* Work order:
Don't include any picture when you restate the data word for word.

* Dataset extract:
====

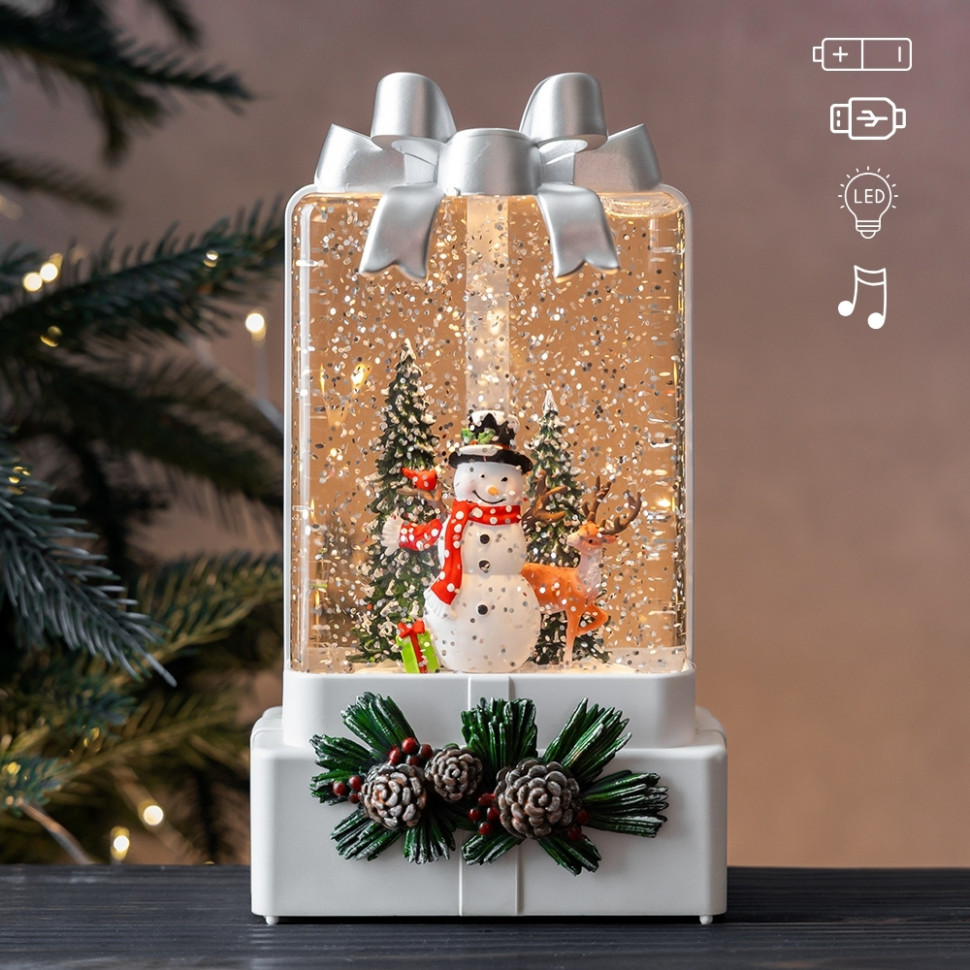 Ліхтар з підсвіткою та музикою Holiday gift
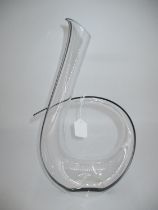 Riedel Amadeo Fatto A Mano Free Form Glass Decanter, 42cm high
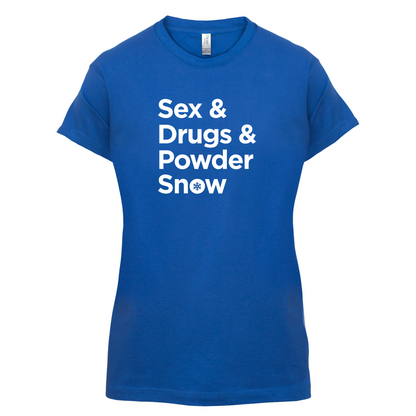 Sex & Drugs & Powder Ski T Shirt
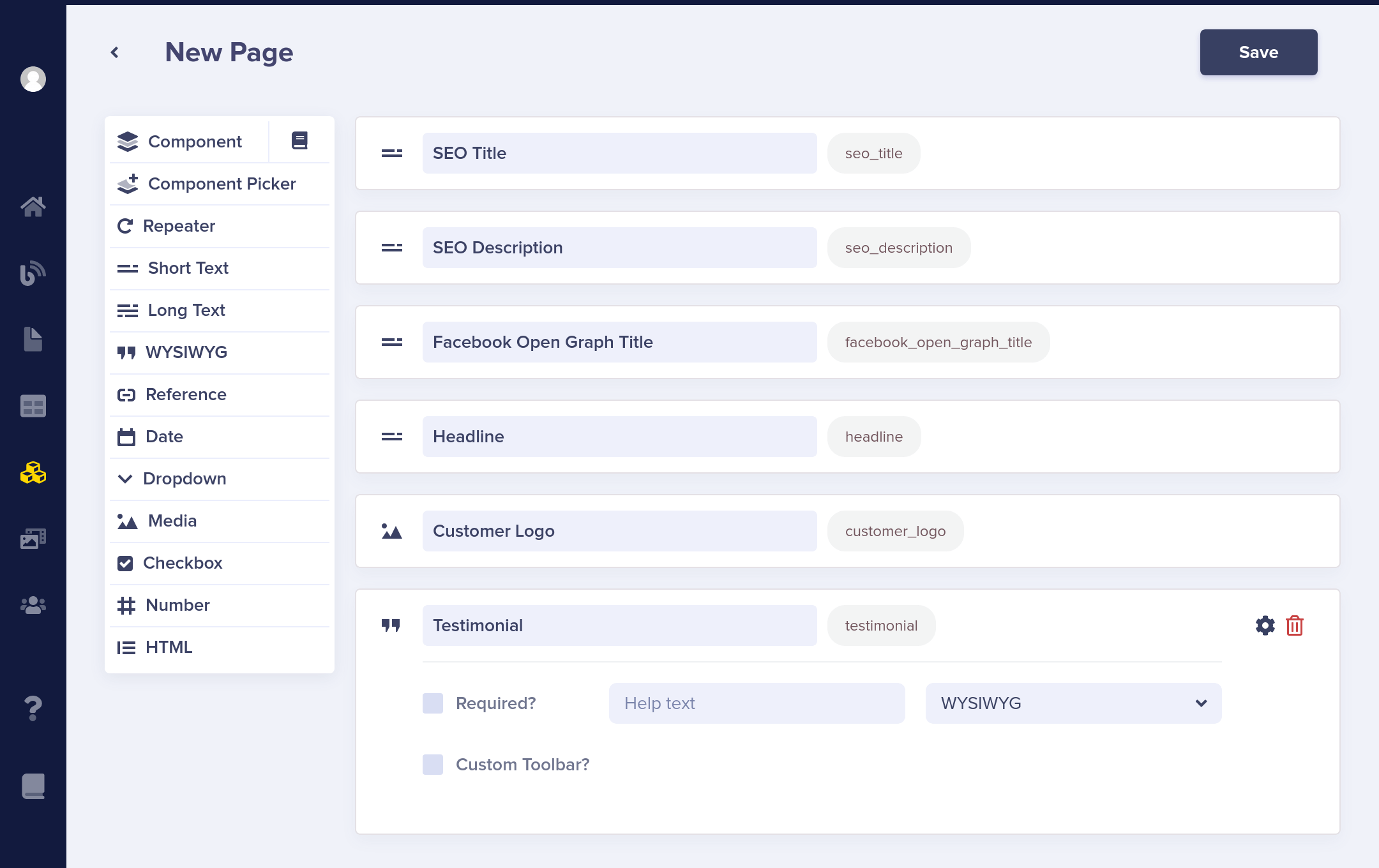 page structure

====

* Final answer:
 Ліхтар з підсвіткою та музикою Holiday gift
 Riedel Amadeo Fatto A Mano Free Form Glass Decanter, 42cm high
 Sex & Drugs & Powder Ski T Shirt
 page structure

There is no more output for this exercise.